[Opening MATERIAL FOR THE TASK section]
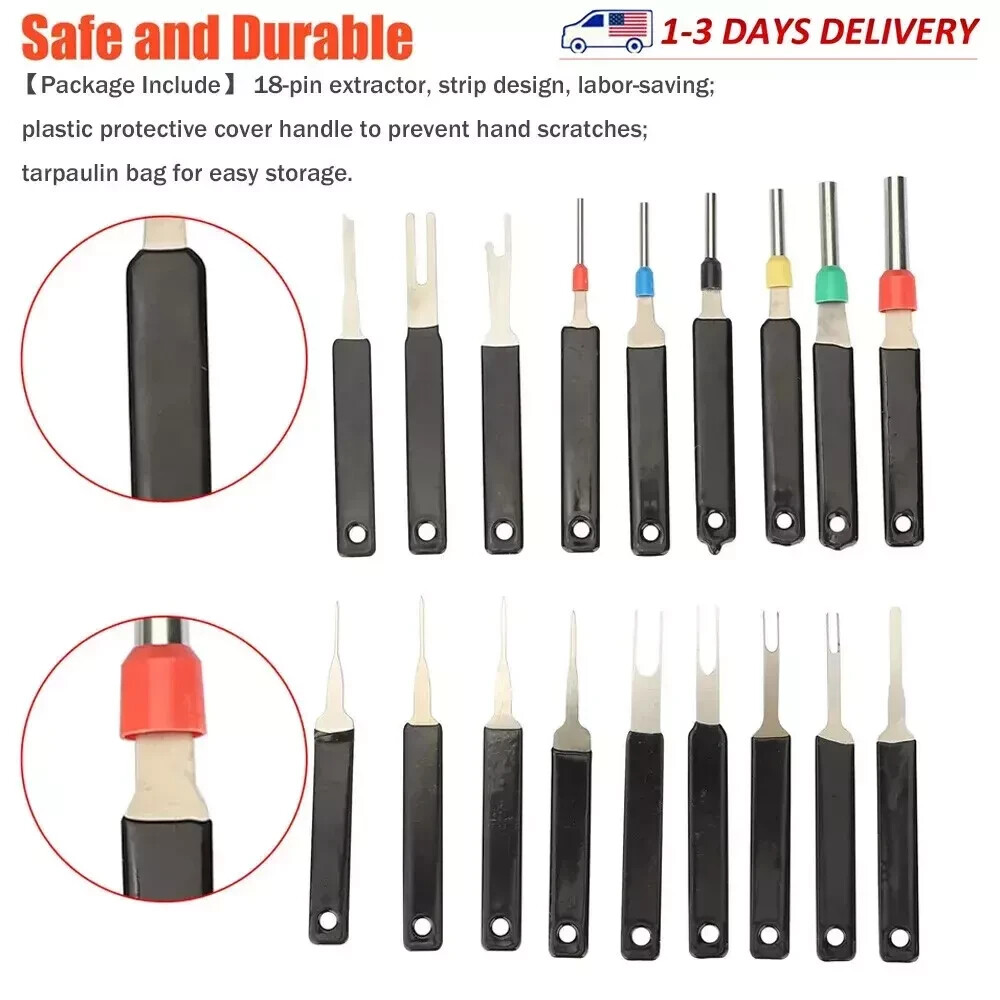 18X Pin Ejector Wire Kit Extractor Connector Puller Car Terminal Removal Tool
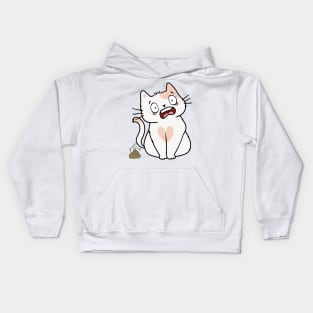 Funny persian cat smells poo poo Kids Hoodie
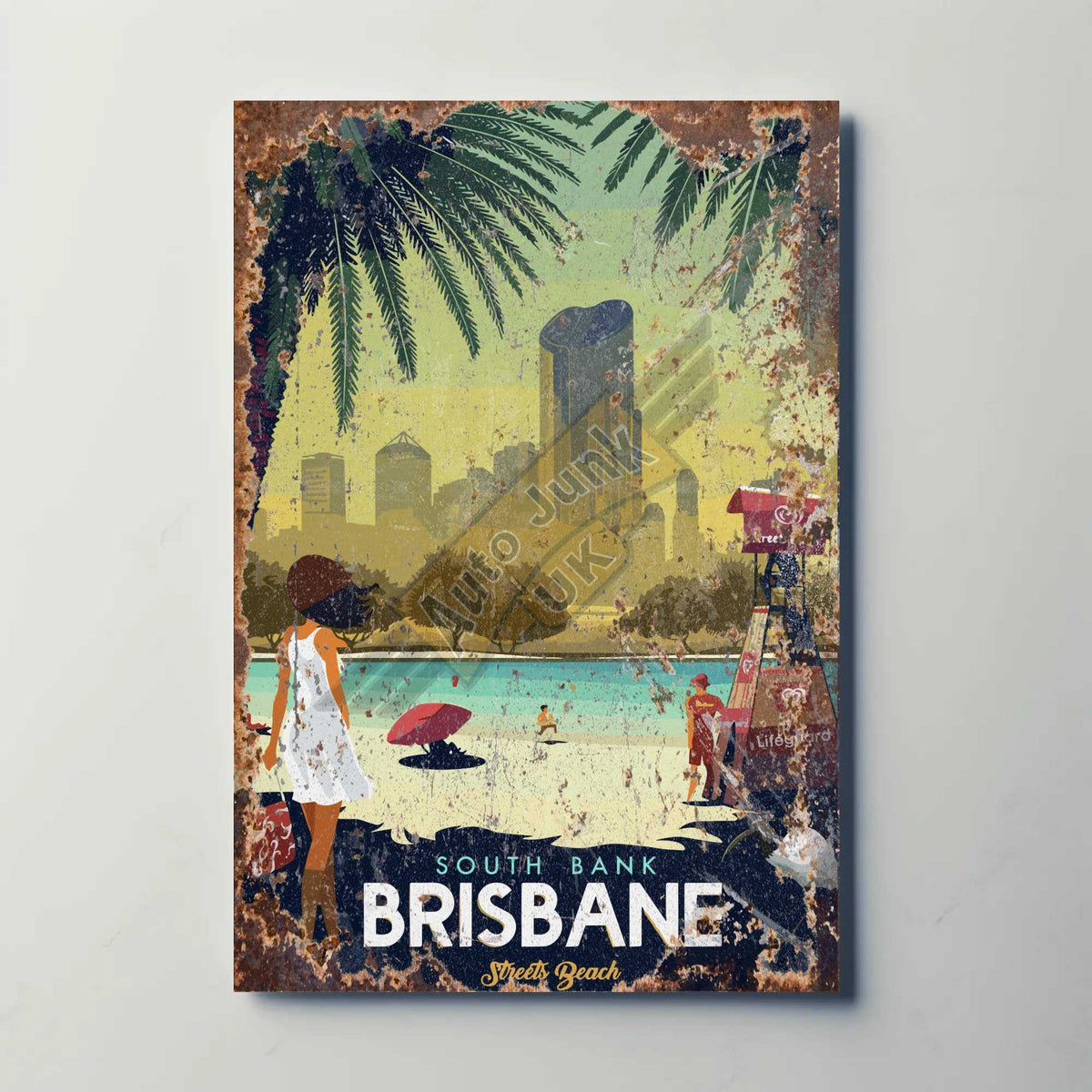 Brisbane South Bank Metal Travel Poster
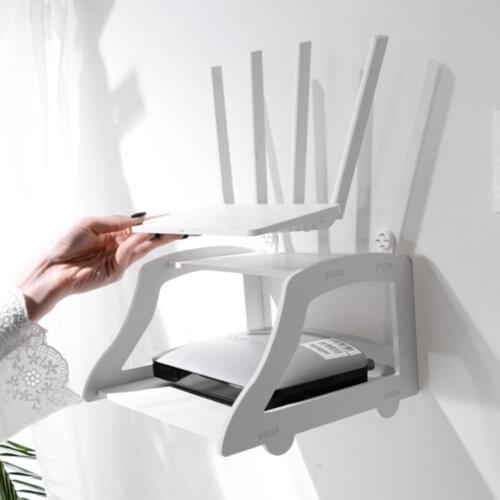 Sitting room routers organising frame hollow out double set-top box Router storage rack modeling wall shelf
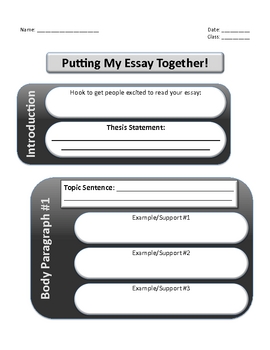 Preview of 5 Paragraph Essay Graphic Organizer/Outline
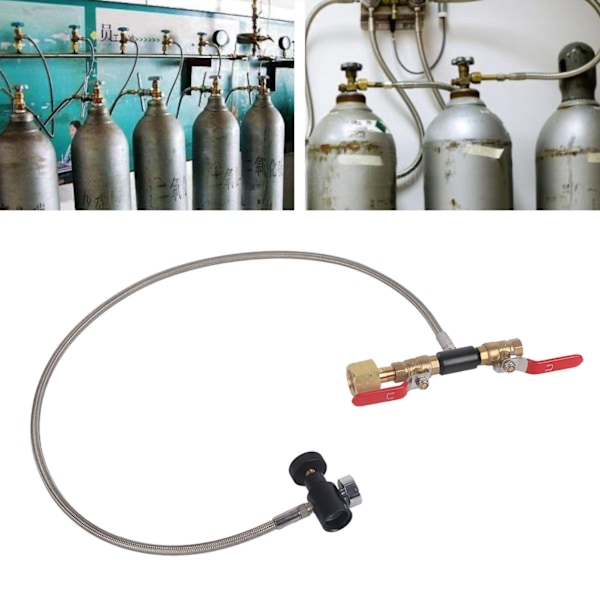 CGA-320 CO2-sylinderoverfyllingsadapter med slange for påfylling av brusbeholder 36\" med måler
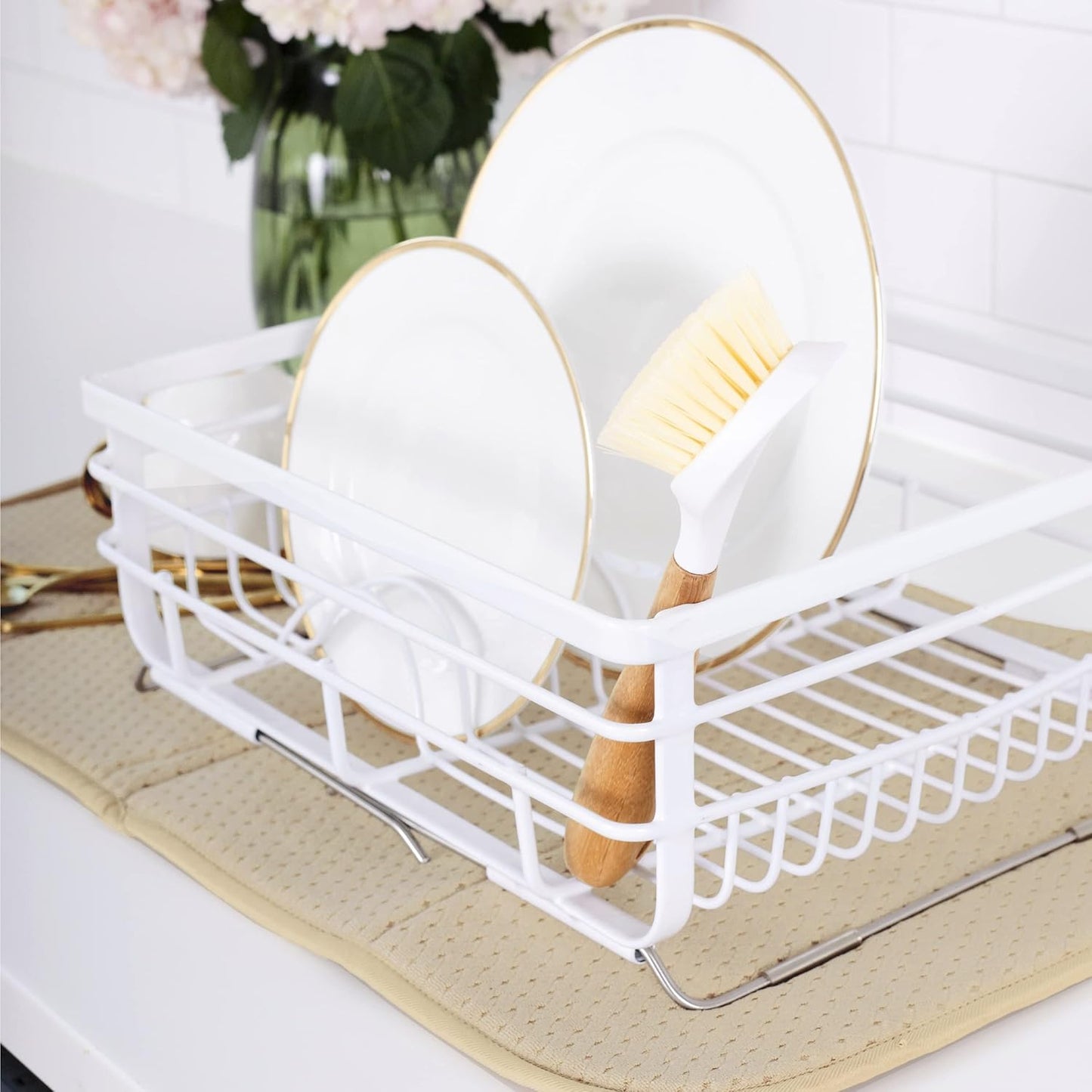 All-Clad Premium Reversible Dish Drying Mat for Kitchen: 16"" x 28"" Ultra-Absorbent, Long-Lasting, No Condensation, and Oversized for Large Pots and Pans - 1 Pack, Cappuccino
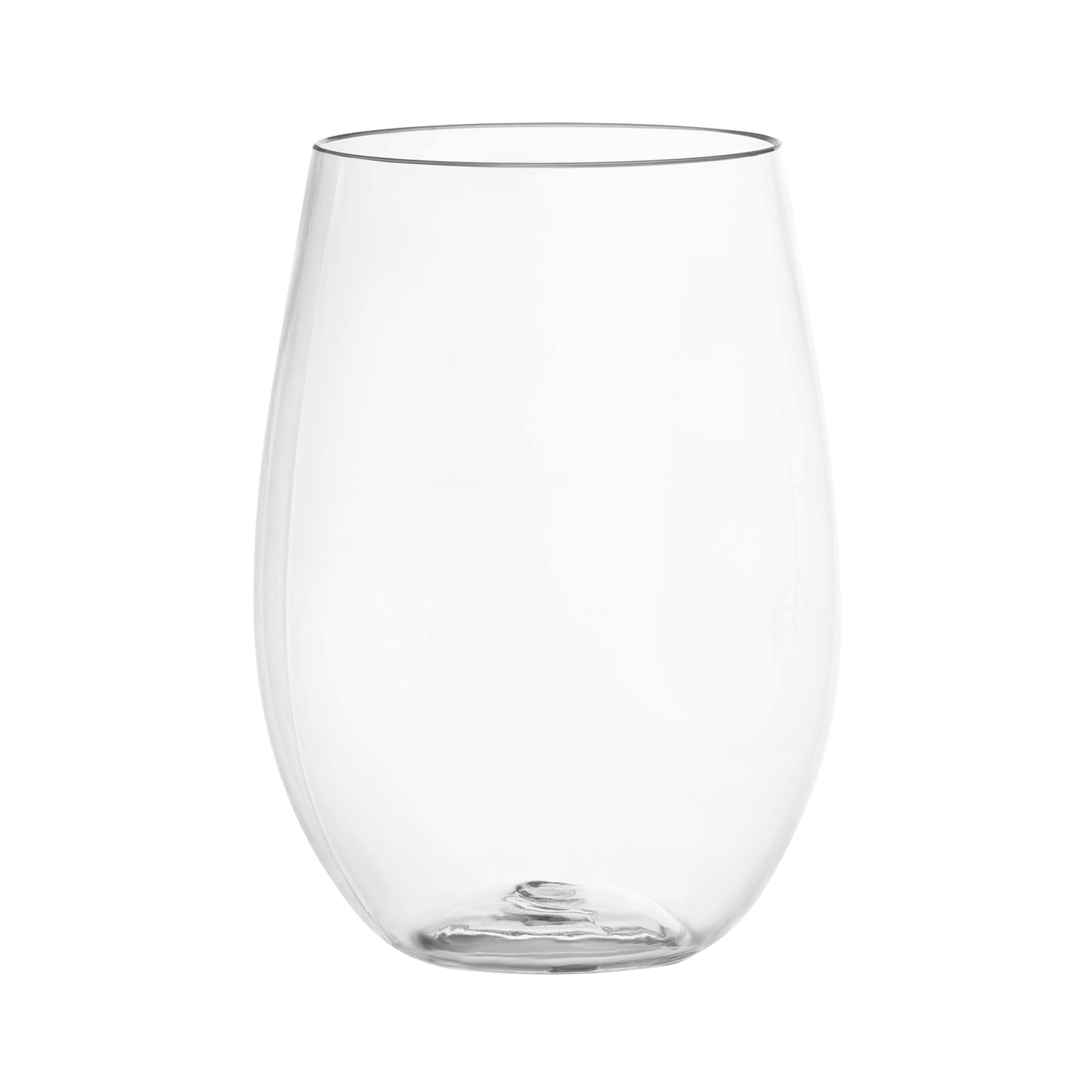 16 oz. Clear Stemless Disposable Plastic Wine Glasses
[Closing MATERIAL FOR THE TASK section]
Could the data above be reproduced exactly, with the pictures left out?

 18X Pin Ejector Wire Kit Extractor Connector Puller Car Terminal Removal Tool
 Funny persian cat smells poo poo Kids Hoodie
 Brisbane South Bank Metal Travel Poster
 Sitting room routers organising frame hollow out double set-top box Router storage rack modeling wall shelf
 Preview of 5 Paragraph Essay Graphic Organizer/Outline
 CGA-320 CO2-sylinderoverfyllingsadapter med slange for påfylling av brusbeholder 36\" med måler
 All-Clad Premium Reversible Dish Drying Mat for Kitchen: 16"" x 28"" Ultra-Absorbent, Long-Lasting, No Condensation, and Oversized for Large Pots and Pans - 1 Pack, Cappuccino
 16 oz. Clear Stemless Disposable Plastic Wine Glasses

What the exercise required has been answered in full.